Information given Start Marker
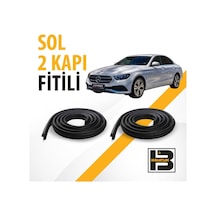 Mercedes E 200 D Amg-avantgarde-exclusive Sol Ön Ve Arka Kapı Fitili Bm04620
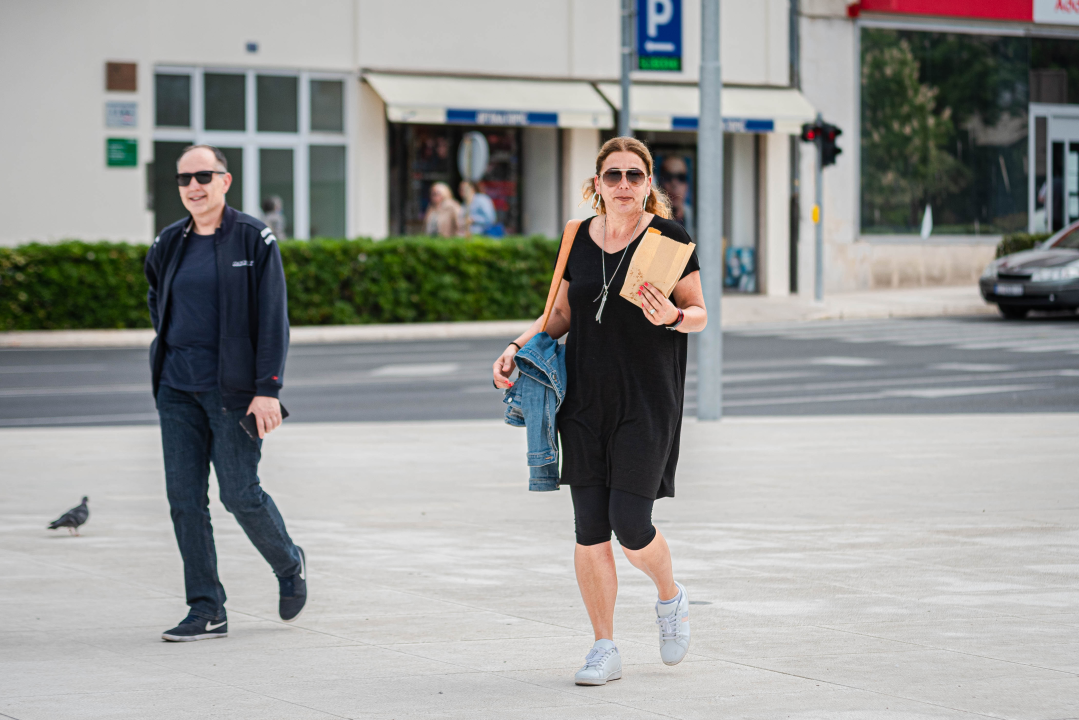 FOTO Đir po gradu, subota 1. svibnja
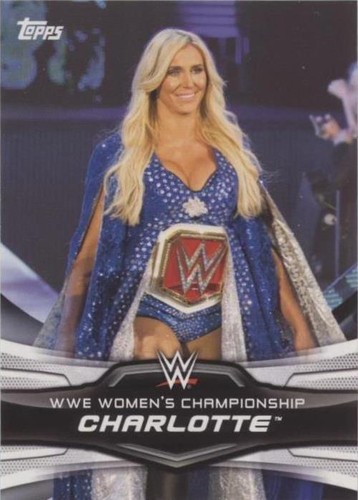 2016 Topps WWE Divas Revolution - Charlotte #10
Information given End Marker
Information given Start Marker
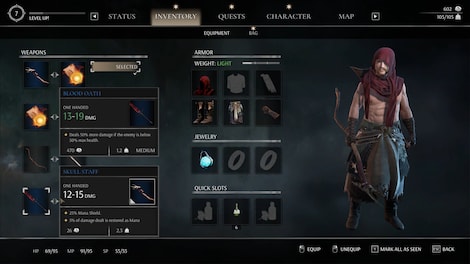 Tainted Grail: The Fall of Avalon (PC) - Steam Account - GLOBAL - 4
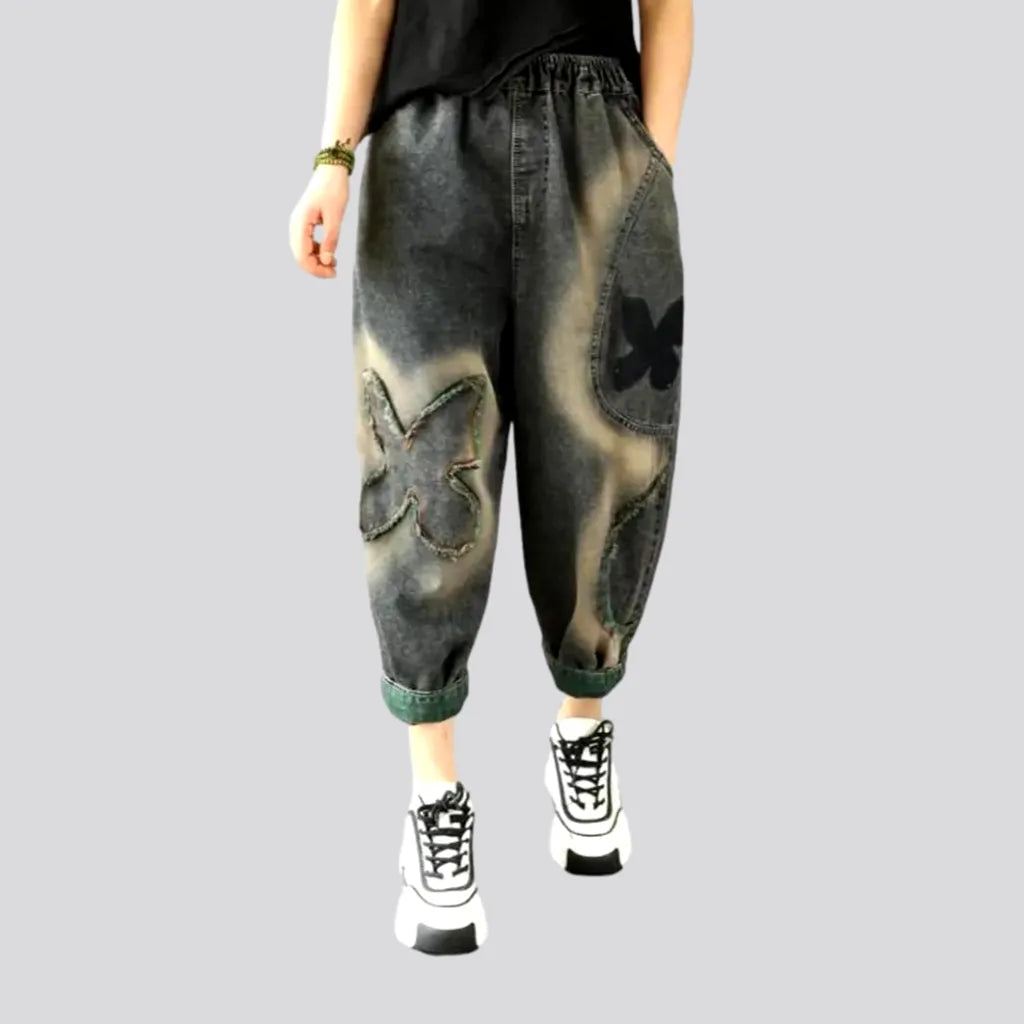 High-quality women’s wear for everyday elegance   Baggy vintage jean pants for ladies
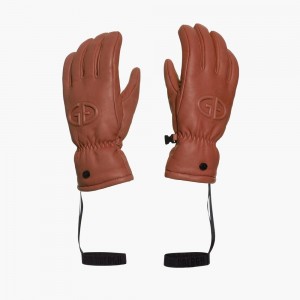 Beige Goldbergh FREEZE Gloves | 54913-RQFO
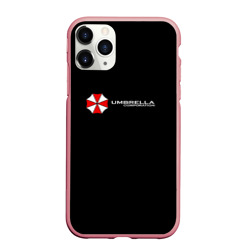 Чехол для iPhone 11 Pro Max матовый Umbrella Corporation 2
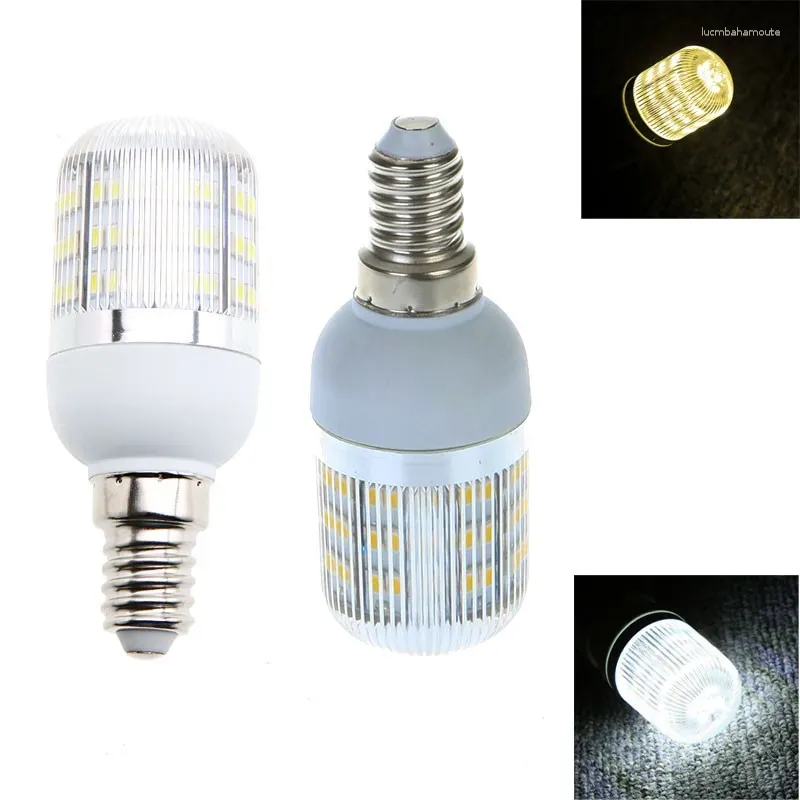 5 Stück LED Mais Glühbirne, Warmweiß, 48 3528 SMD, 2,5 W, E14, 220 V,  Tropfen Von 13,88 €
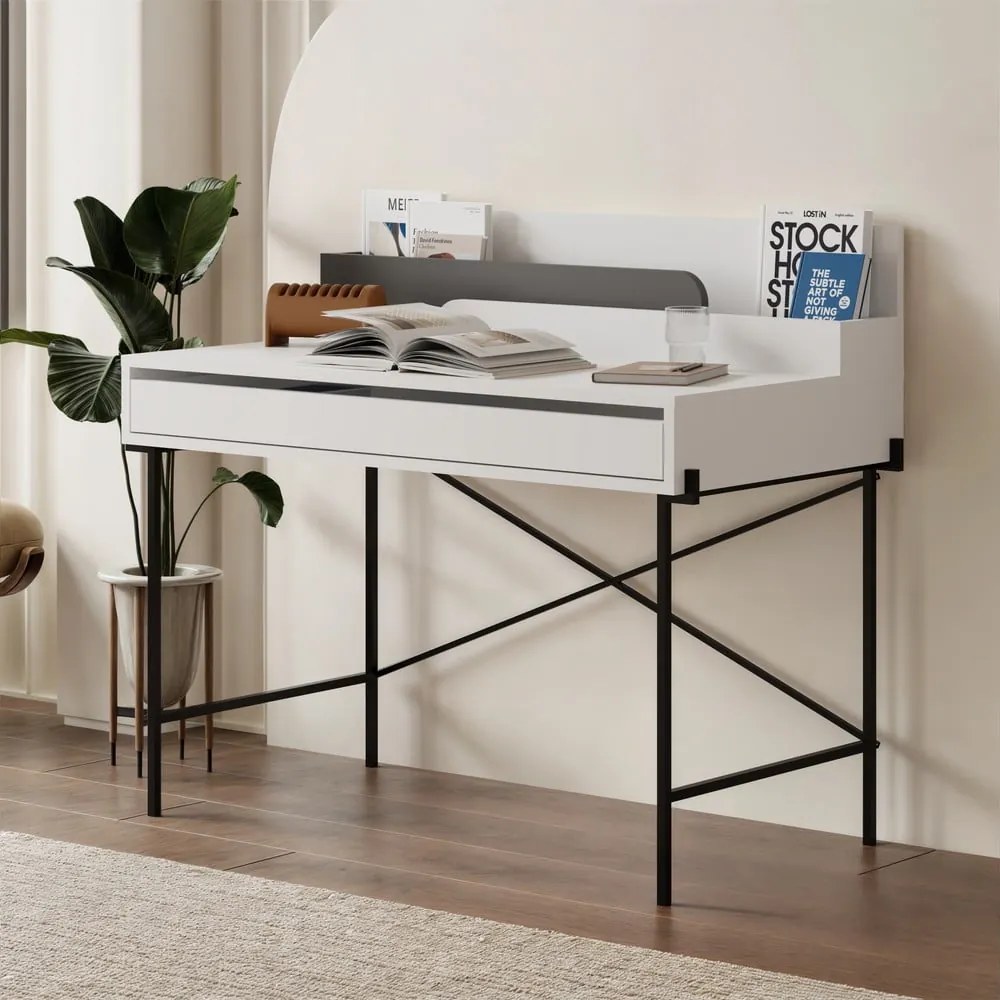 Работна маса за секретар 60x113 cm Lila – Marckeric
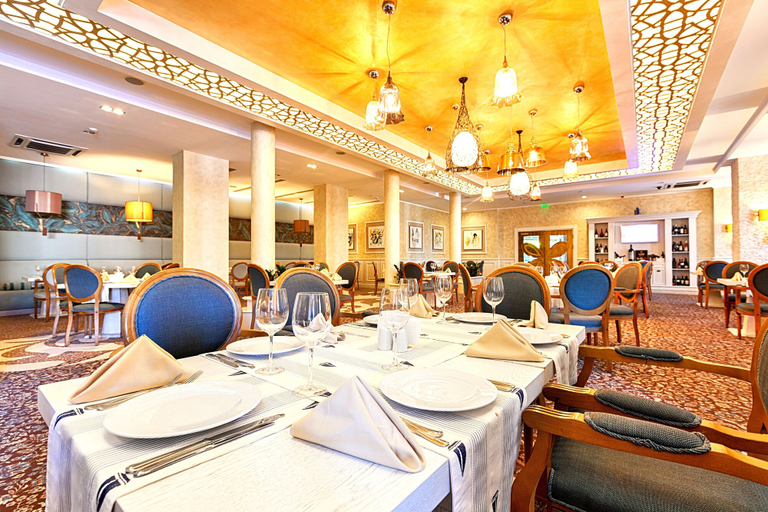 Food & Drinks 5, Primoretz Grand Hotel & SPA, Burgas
Information given End Marker
Information given Start Marker
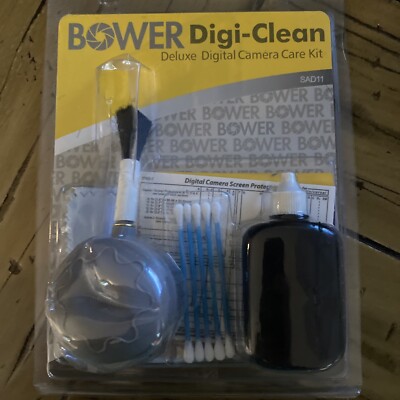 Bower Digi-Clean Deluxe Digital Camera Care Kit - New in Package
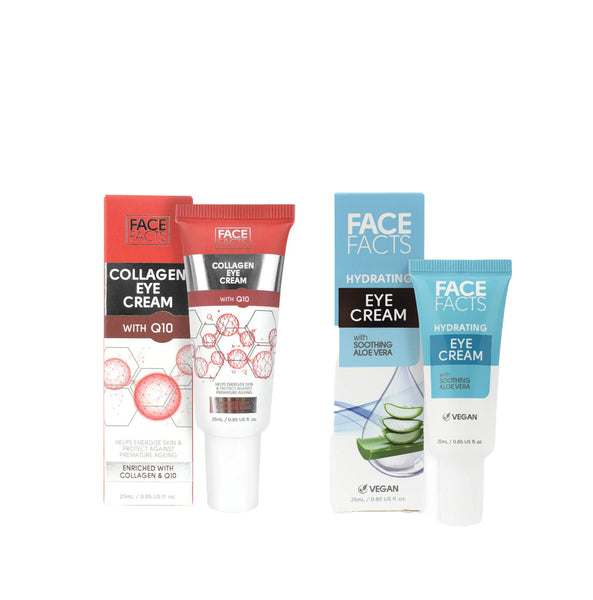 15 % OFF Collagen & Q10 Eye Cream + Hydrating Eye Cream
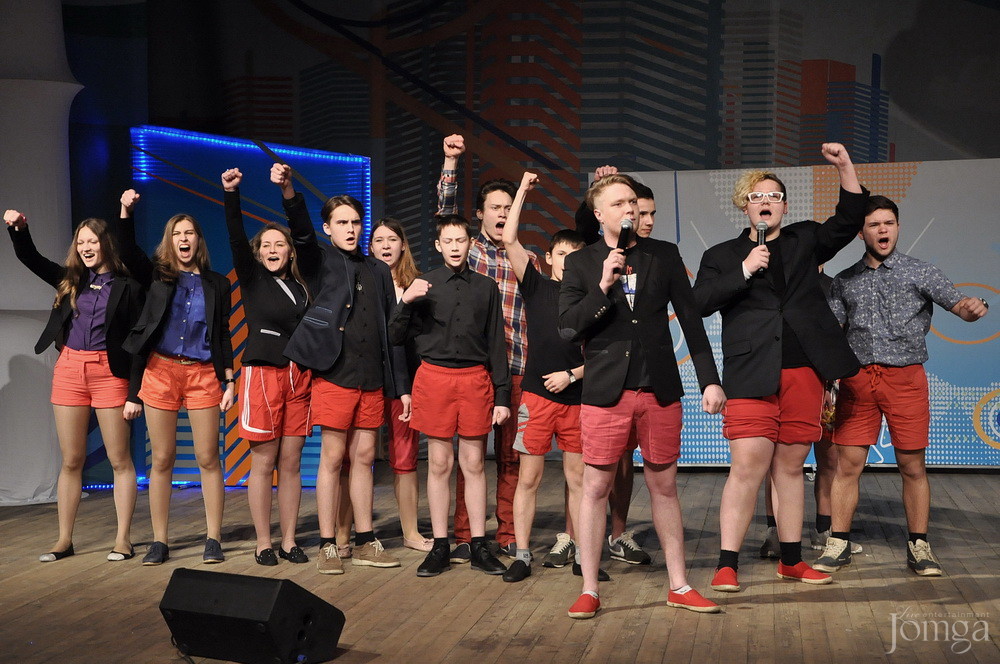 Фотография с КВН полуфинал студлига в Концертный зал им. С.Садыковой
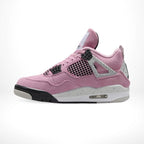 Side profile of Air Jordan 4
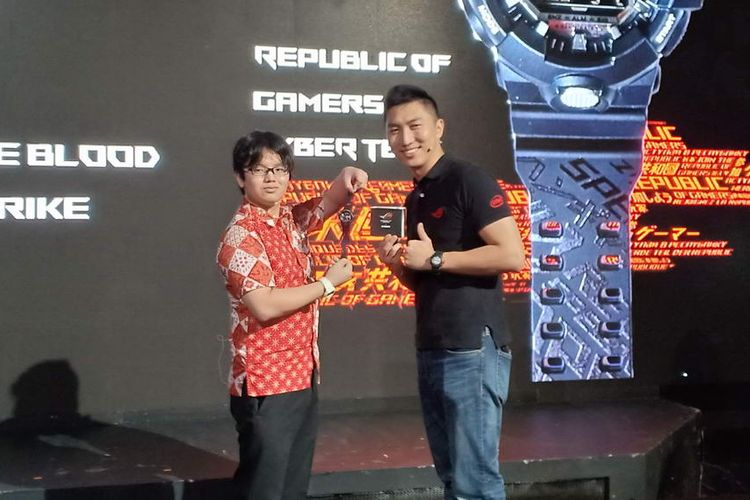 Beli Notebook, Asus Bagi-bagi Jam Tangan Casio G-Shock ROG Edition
Information given End Marker
§ **Assigned task**: Within the data above, repeat exactly the lines from the one bearing "High-quality women’s wear" through the one bearing "Food & Drinks". Include no pictures and nothing else.

§ **Output for this exercise**:
 High-quality women’s wear for everyday elegance   Baggy vintage jean pants for ladies
 Beige Goldbergh FREEZE Gloves | 54913-RQFO
 Чехол для iPhone 11 Pro Max матовый Umbrella Corporation 2
 5 Stück LED Mais Glühbirne, Warmweiß, 48 3528 SMD, 2,5 W, E14, 220 V,  Tropfen Von 13,88 €
 Работна маса за секретар 60x113 cm Lila – Marckeric
 Food & Drinks 5, Primoretz Grand Hotel & SPA, Burgas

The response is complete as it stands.